The Ultima mount was converted into a goto mount by using the Teensy 3.2 mini PCB V1.2.4 build with TMC2130 drivers for the Alt and Az axes. These boards (10 of them) have already been purchased in 2018 but I just never got the time to start with the project. So in the end I decided I've got the parts and therefore I must just use it (I also like the samll footprint of this board). I have modified the normal Teensy 3.2 build by adding a focuser driver and a rotator/de-rotator driver (more detail of how to do it is available on the ONSTEP website. The 4th photo shows the board built into the Ultima mount.

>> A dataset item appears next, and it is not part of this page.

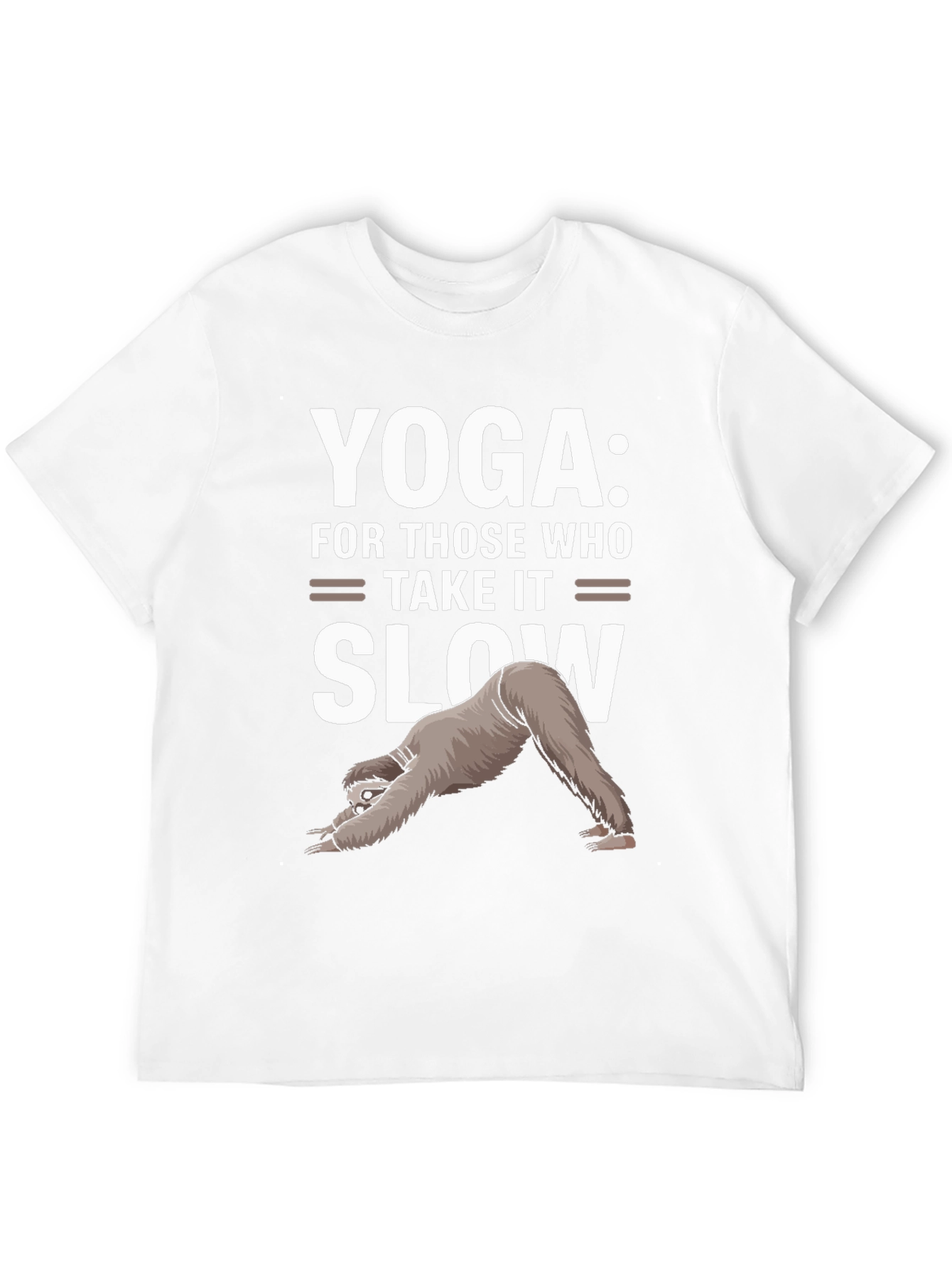 Yoga Sloth Graphic Tee - Take It Slow T-Shirt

For the AZ axis a Nema 17, 400 step per rotation stepper motor is used with 32 micro steps, belt reduction of 1.5 plus the Byers worm drive of 359:1 is used (total steps per degree = 19146.7).
For the ALT axis a Nema 17, 200 step per rotation with a 99.05 planetary gearbox and a belt reduction of 338:36 is used (total steps per degree = 16532.8). For the altitude bearings a better quality Lazy Susan bearing was used (with spacers between the ball bearings to prevent the ball bearings from locking up). These bearings are 200mm in diameter but you can get much larger ones in the same format. I have used my 3D printer to print 4 sections of a GT2 pulley (to form an outer sleeve) that were screwed onto the outside of the one Lazy Susan bearing. A 9mm GT2 belt is used from the slip clutch at the bottom to drive the Lazy Susan pulley. I am very proud of the 3D printed slip clutch that I have designed for this scope very small with a lot of oomph Only a half turn is needed to lock it up as well. The slip clutch attached to the Nema 17 motor and planetary gearbox is shown in the 5th photo
Fixed to the mount are two wheels with a telescopic handle that was salvaged from a large toolbox. The draw handle is fixed to the wheel base with swivel brackets so that the handle can be laid flat on the ground when the scope is in use (a slight tripping hazard but because the scope is not used for visual purposes there is minimal movement around the scope once setup is completed). The handle is fixed to the one side of the mirror box with two 3D printed wing nuts when the telescope is stored or moved around. When the handles are fixed onto the mirror box it is very easy to move the telescope in its collapsed state or erected state (through doorways or even up and down stairs). The fact that there is a slip clutch on both axes makes it easy to position the mirror box so that the handle could quickly be secured onto the mirror box to form rigid unit when it is time to pack up and go. I must still add a third (swivel) wheel to the base so that the scope could be pulled around as well (at this stage I am just using a 2x3 piece of timber as a leg as a quick and dirty solution).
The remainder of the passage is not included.